Author: | Wojciech Muła |
---|---|
Added on: | 2016-01-06 |
Contents
The aim of this text is to show how simple procedure which change case of letters could be rewritten to SWAR version gaining significant boost. In the article method "to lower case" is explored, however the opposite conversion is very easy to derive.
To be honest I have no idea if changing latter case is crucial task in any problem. My knowledge and experiences suggest that the answer is "no", but who knows.
The basic version of the procedure reads one character (a byte) and then classifies it. If the character is an upper case ASCII letter then fast conversion could be used; if the character is an extended ASCII then the system procedure tolower is called.
Note: lower and uppercase letters in ASCII encoding differs only in single, 5th bit.
void to_lower_inplace(char* s, size_t n) { for (size_t j=0; j < n; j++) { if (s[j] >= 'A' && s[j] <= 'Z') { s[j] ^= (1 << 5); } else if (static_cast<unsigned char>(s[j]) >= '\x7f') { s[j] = tolower(s[j]); } } }
In SWAR approach a fast-path could be used if all character within a chunk are not from extended ASCII set. Then all character are classified if are uppercase or not, resulting in a mask having set certain bits. The last step is to xor the mask with the input chunk to selective flip the bit in upper-case letters.
bool is_ascii(const uint64_t chars); uint64_t to_lower_ascii_mask(const uint64_t chars); uint64_t to_lower_ascii(uint64_t chars); uint64_t to_lower_inplace_swar(char* input, size_t size) { char* s = input; { const size_t k = n / 8; for (size_t i=0; i < k; i++, s+=8) { uint64_t* chunk = reinterpret_cast<uint64_t*>(s); if (is_ascii(*chunk)) { *chunk = to_lower_ascii(*chunk); // [***] } else { to_lower_inplace(s, 8); } } } { const size_t k = n % 8; if (k) { to_lower_inplace(s, k); } } }
The first step (is_ascii) and the last step (to_lower_ascii) of the algorithm are simple. Is ASCII tests only if highest bits and to lower swaps 5th bit:
#define packed_byte(b) ((uint64_t(b) & 0xff) * 0x0101010101010101u) bool is_ascii(uint64_t chars) { return (chars & packed_byte(0x80)) == 0; } uint64_t to_lower_ascii(uint64_t chars) { // MSB in mask could be set const uint64_t mask = to_lower_ascii_mask(chars) >> 2; // change case (toggle 5th bit) const uint64_t result = chars ^ mask; return result; }
Vectorization of comparison s[j] >= 'A' && s[j] <= 'Z' is the most interesting part. The key is a vector compare for relation "greater than", i.e. x > contant; x = 0..127. The expression have to be rewritten:
s[j] >= 'A' && !(s[j] >= 'Z' - 1)
When we add a byte of value 128 - constant, then for x greater than constant result would be 128 + something; otherwise the result would be less than 128. In other words, the result of comparison is saved in the highest bit of a byte; lower bits contain garbage that have to be cleared later.

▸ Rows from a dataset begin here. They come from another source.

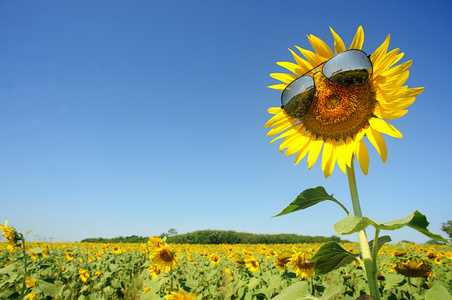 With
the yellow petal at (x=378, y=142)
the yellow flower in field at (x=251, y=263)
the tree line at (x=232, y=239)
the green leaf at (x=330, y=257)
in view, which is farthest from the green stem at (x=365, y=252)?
the tree line at (x=232, y=239)

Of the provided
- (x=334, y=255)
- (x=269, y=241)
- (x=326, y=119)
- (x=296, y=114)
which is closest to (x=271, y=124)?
(x=296, y=114)

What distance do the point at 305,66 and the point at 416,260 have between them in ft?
9.92

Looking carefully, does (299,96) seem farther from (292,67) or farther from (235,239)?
(235,239)

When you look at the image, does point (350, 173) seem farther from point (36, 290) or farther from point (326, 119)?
point (36, 290)

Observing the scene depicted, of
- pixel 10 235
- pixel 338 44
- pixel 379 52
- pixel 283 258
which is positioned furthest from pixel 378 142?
pixel 10 235

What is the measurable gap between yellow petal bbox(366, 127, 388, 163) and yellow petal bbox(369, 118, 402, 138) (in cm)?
2

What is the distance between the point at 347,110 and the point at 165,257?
9.16ft

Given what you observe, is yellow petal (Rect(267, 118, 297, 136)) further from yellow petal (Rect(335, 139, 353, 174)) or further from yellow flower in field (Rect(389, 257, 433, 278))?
A: yellow flower in field (Rect(389, 257, 433, 278))

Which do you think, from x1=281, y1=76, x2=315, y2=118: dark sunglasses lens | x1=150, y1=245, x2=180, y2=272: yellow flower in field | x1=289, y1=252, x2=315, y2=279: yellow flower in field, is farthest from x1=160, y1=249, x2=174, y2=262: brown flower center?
x1=281, y1=76, x2=315, y2=118: dark sunglasses lens

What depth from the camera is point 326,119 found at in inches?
51.2

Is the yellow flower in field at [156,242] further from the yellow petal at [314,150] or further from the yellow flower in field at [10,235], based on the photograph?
the yellow petal at [314,150]

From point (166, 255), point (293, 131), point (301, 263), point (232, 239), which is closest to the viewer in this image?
point (293, 131)

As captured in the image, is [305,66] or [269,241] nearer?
[305,66]

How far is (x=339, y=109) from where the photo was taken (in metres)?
1.24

A comparison is expressed by single addition. Thus the full, rewritten expression requires: 2 additions, 1 negation, and 2 bit-ands:
A = s[j..j+8] + packed_byte(128 - 'A'); Z = s[j..j+8] + packed_byte(128 - 'Z' - 1); result = (A & ~Z) & packed_byte(0x80);
An observation: it's not possible that x is less than 'A' (A is false) and at the same time greater than 'Z' (Z is true). Thanks to that the last expression could be simplified to:
result = (A ^ Z) & packed_byte(0x80);
Final version requires:
The sample program is available at github.
The test program loads given file to a 100 MiB memory region and then run the selected procedure: a scalar one, or improved. Two files were examined:
file | size [B] | scalar time [s] | SWAR time [s] | speedup |
---|---|---|---|---|
386INTEL.txt | 878'279 | 0.1801 | 0.0573 | 3.13 |
sutra_surangama.tex | 665'859 | 0.2179 | 0.1720 | 1.27 |